Coordinated Air Campaign Against IS

At the moment, IS remains a major problem for all parties involved in Syria and Iraq. If possible, the US and Russia should coordinate air strikes against IS to prevent collisions and aerial accidents while also maximizing the air strikes’ effectiveness. Establishing a joint task force explicitly to target designated extremist groups with agreed-upon rules of engagement could more effectively disrupt those groups.


Coordinating strikes would allow the US to ramp up the quantity and quality of its air strikes in Syria by reducing the risk of interception or incorrect targeting information leading to a possible escalation. Establishing common rules of engagement could reduce the amount of counterproductive collateral damage from Russian air strikes by improving Russian targeting standards. Coordination would necessitate the selective sharing of intelligence related to IS and groups like Jabhat Fateh al-Sham (formerly the al-Nusra Front), which would build trust and increase the efficacy of both countries’ air campaigns. Assuming that the effort succeeds and both parties act in good faith, the trust built and lessons learned through this effort could be translated into a joint effort to tackle counterterrorism in other arenas around the globe.

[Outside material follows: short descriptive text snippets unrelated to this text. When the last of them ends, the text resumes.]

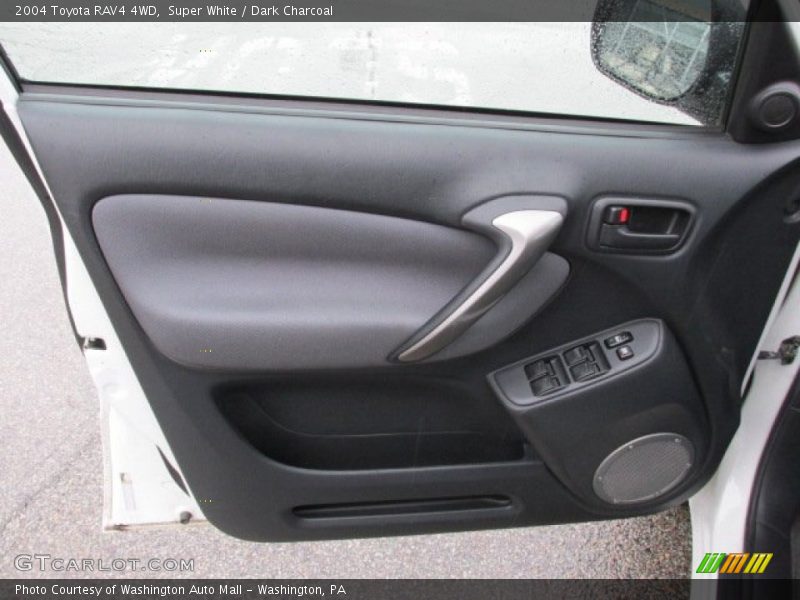 Super White / Dark Charcoal 2004 Toyota RAV4 4WD
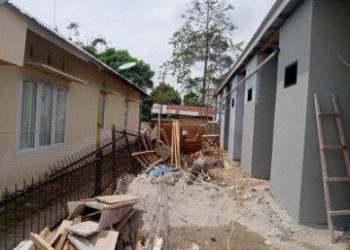 Warga Keluhkan Bangunan Tanpa IMB yang Ganggu Kenyamanan Rumah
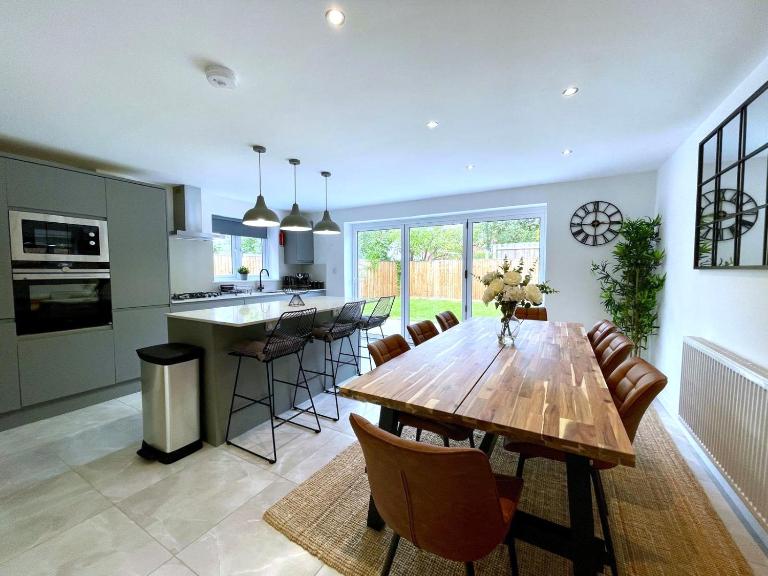 Brand NEW 4-bedroom detached house - 20-min walk to Gloucester Docks - Ample Parking - Superfast Wi-Fi - Long-stay rates! - Chambres d'hôtes Gloucester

This plan carries significant risks that are nearly impossible to mitigate

The previous 2016 attempt at US-Russian cooperation in Syria ended swiftly and tragically following the bombing of a UN aid convoy by Russian planes. Any future attempts at cooperation must require the establishment of clear rules, procedures, and effective lines of communication to prevent any similar incidents from occurring. A US air strike that destroys a school due to faulty Russian intelligence would be a major setback for both countries’ counterterrorism efforts. Additionally, given Russia’s previous inclination to bomb rebel groups under the guise of fighting terrorism, a list of acceptable targets must be established with unambiguous procedures for when extremist groups are mixed into groups that are not acceptable targets.

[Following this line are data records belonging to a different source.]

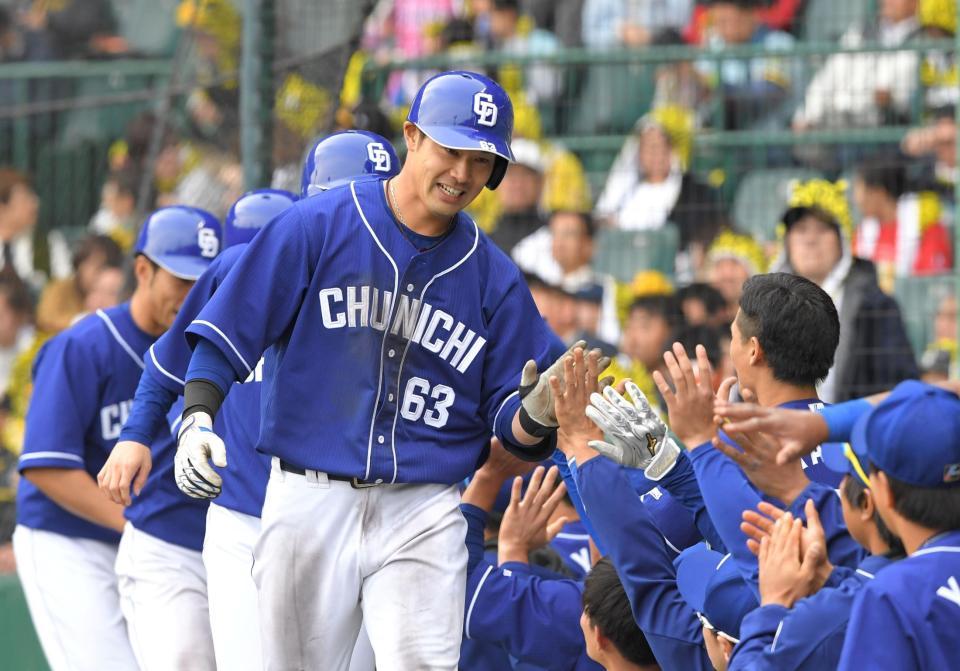 ８回、満塁本塁打を放った中日・堂上直倫はナインとタッチを交わす＝甲子園（撮影・北村雅宏）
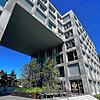 Vom gemeinsamen Flur des Fitnessstudios und der Yuicery im rechten Büroturm stahlen die Diebe ein E-Bike.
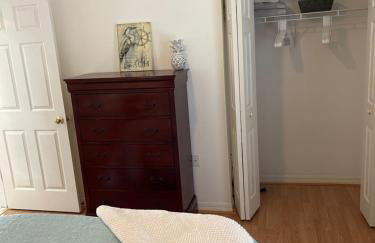 Gorgeous condo with pool view in walking distance to Siesta Key Beaches - Foto 17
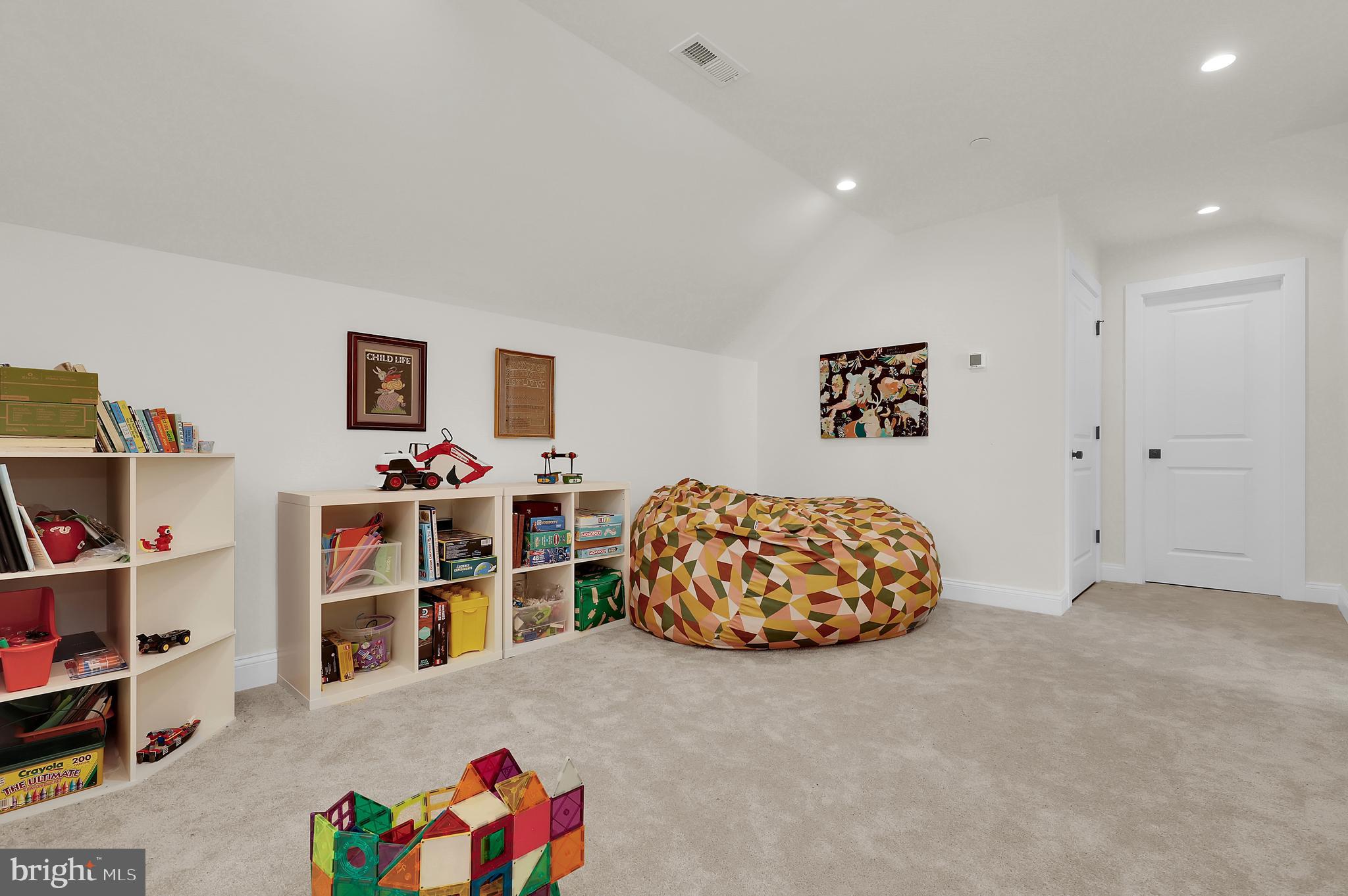 NORTH BETHESDA GROVE - Residential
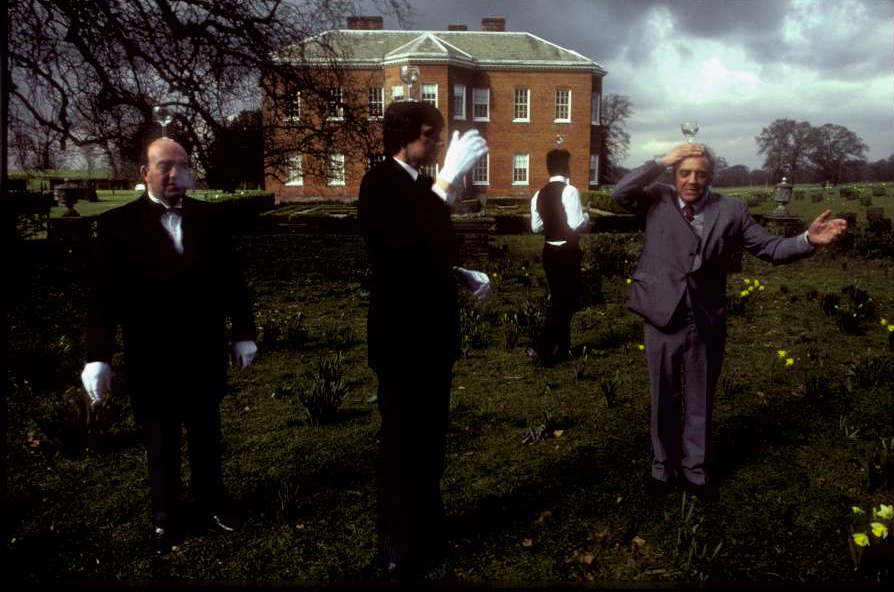 1982 : London. Ivor Spencer's British Butler School. 1982 : London. Ivor Spencer's British Butler School.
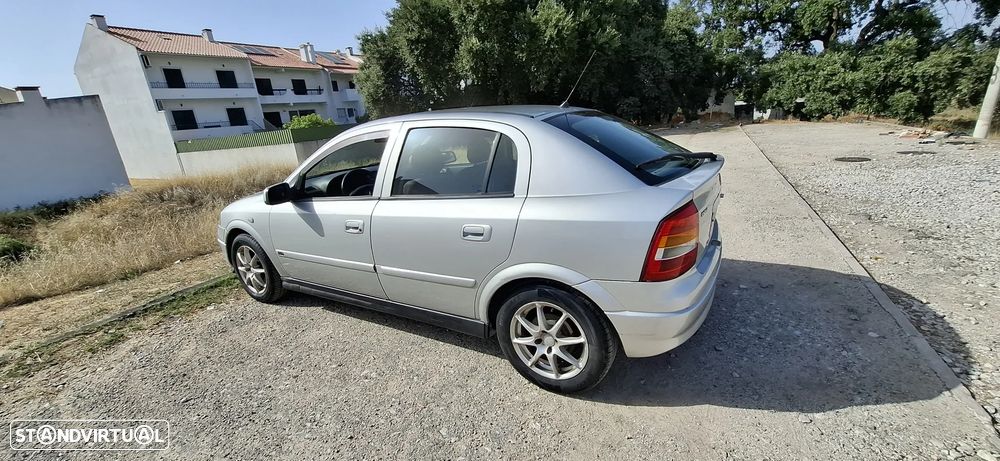 Opel Astra 1.4 Club - 5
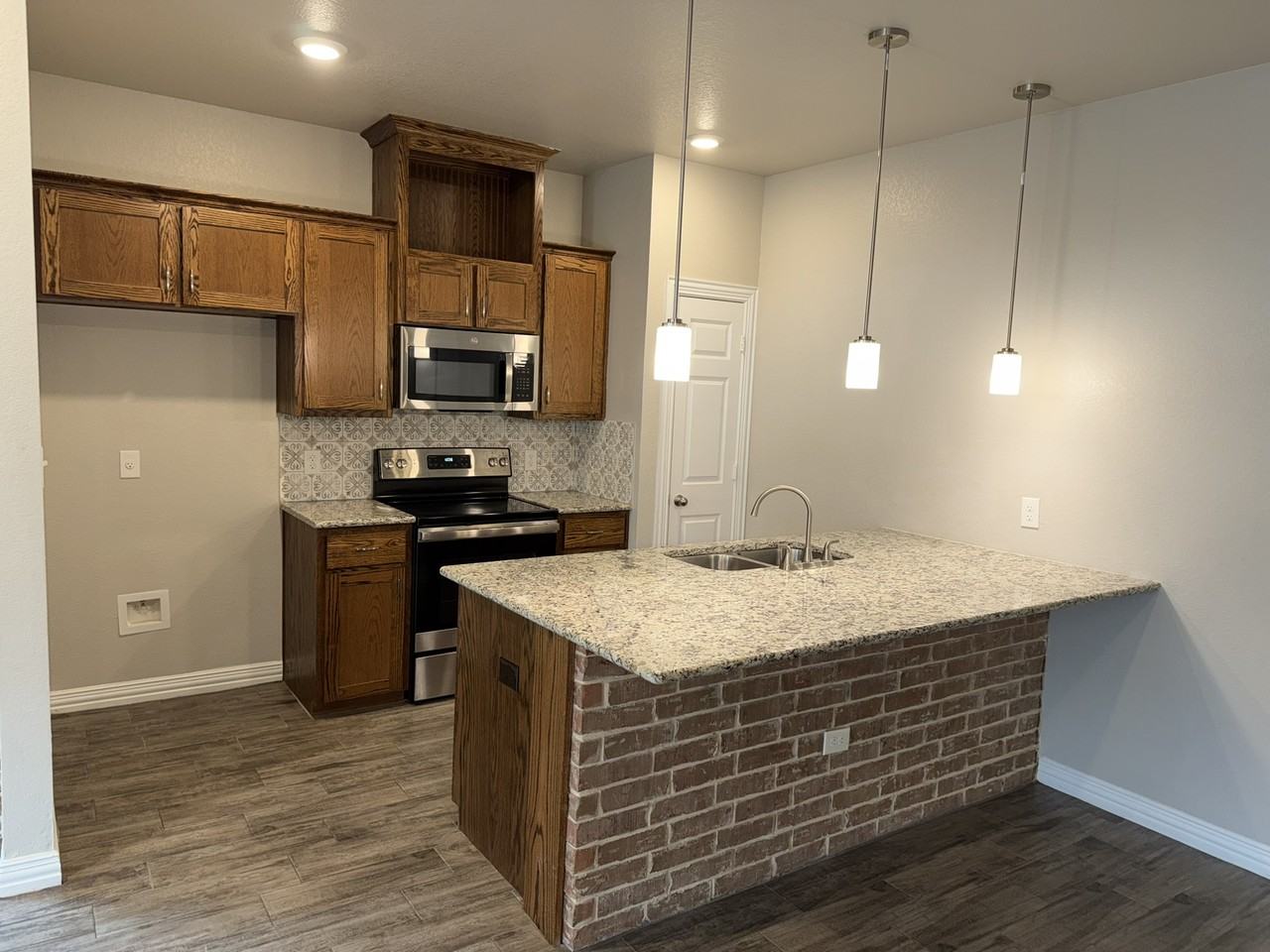 516 Wrigley Lane - Photo 4 of 14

Furthermore, Russia is unlikely to launch air strikes against extremist positions if doing so would assist the Syrian rebels. Depending on how frequent that situation arises, the US and Turkey may be able to provide air strikes in those instances, but Russia would likely attempt to indirectly interfere with the strikes. Russia’s primary stated interest in Syria is not the defeat of IS or terrorist groups, it is ensuring the victory of the Syrian government. Due to that interest, any successful joint air campaign will require the tacit acceptance that Syria’s government will remain in power; without that acceptance, the air campaign will be undermined to the point of borderline uselessness. It may be possible to arrange a power transition from Assad, but that is both unlikely and would just result in another member of Assad’s administration taking his place. Russian demands will not stop there.

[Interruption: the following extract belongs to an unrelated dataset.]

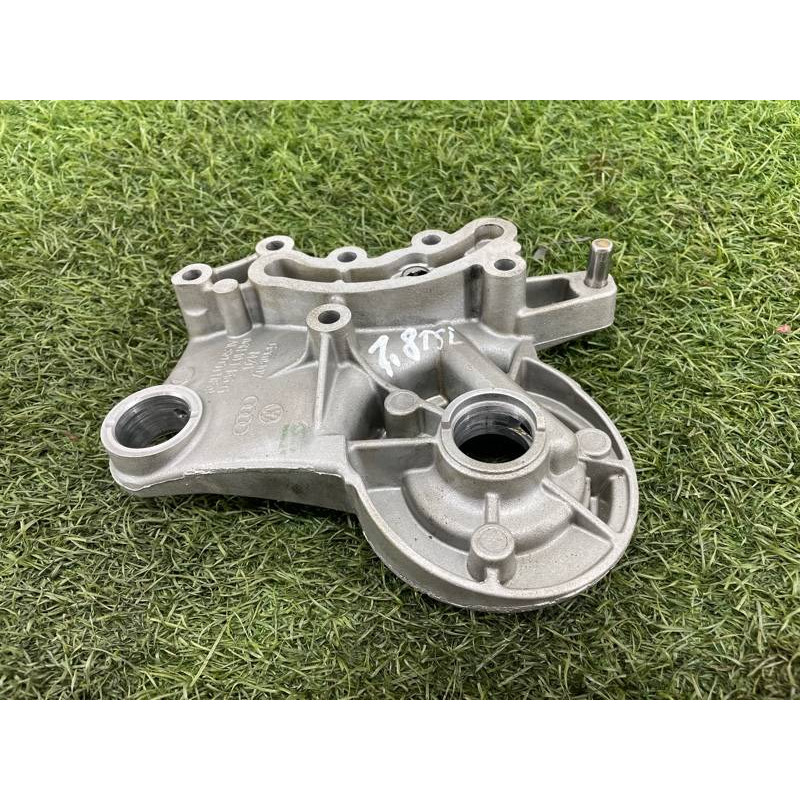 Опорный кронштейн распредвала (двигатель и элементы) VOLKSWAGEN TIGUAN 5N 2.0 06H103144J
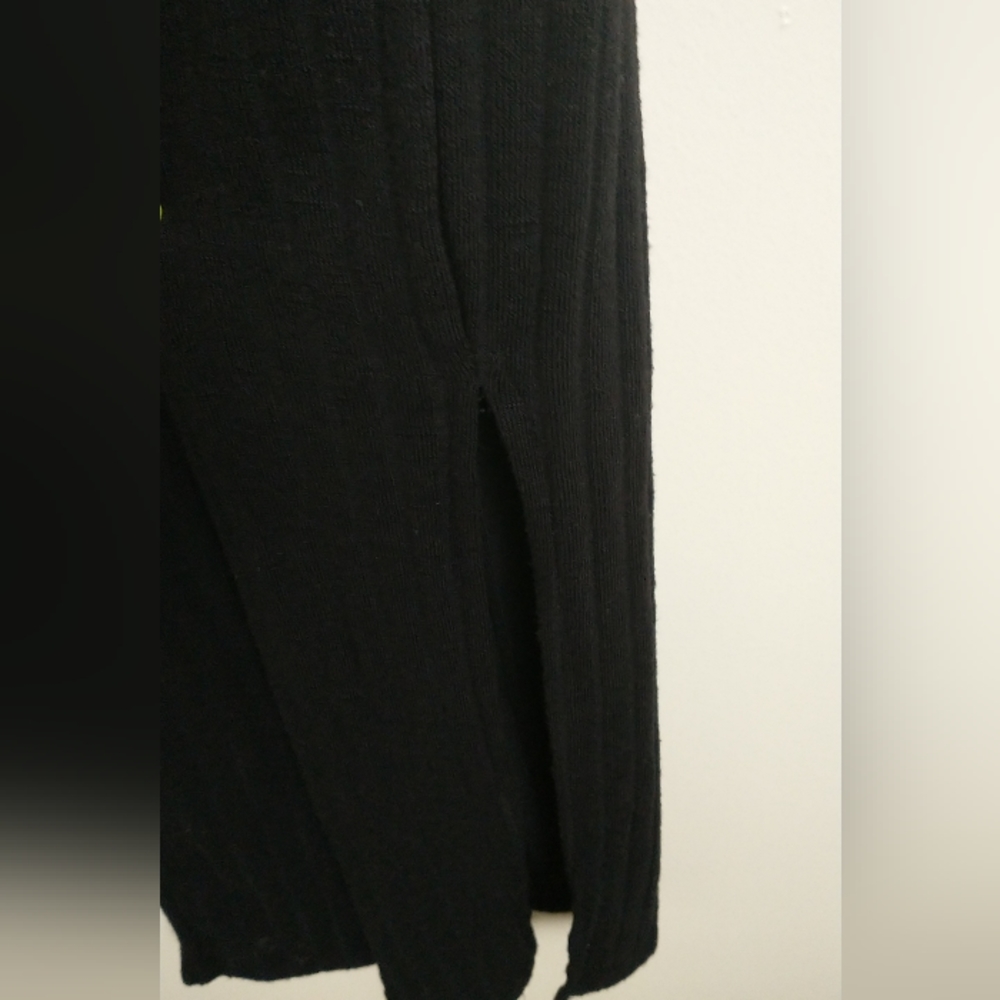 Large Black Maxi dress w/ split on leg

Russia’s intervention in Syria has prolonged the war that spawned a refugee crisis throughout the Middle East and in Europe. The refugee crisis in Europe has emboldened populist movements throughout the continent that also tend to hold pro-Russian views. Russia’s military assets in Syria can prolong the conflict and, by extension, the refugee crisis to the detriment of US allies in the Middle East and Europe. This ability provides it leverage against European governments that are in favor of maintaining sanctions against Russian over its actions in Ukraine. The likelihood that Russia will give up that leverage without a deal to ease or remove the sanctions against it in the near future is very low.

Easing sanctions and tacitly accepting Assad’s continued reign in exchange for a joint air campaign will anger our Gulf allies, unnerve our European allies, and legitimize Russia’s use of military force and disinformation as effective tools of foreign policy. Additionally, giving in to those demands will reduce the credibility of the US in the eyes of allies and rivals. US allies may become less willing to cooperate with US initiatives and more willing to pursue ties with US rivals, while US rivals may adopt a more aggressive foreign policy to capitalize on what they see as a weakened US. All of these must be weighed by the new US administration as they consider pursuing an air campaign alongside Russia.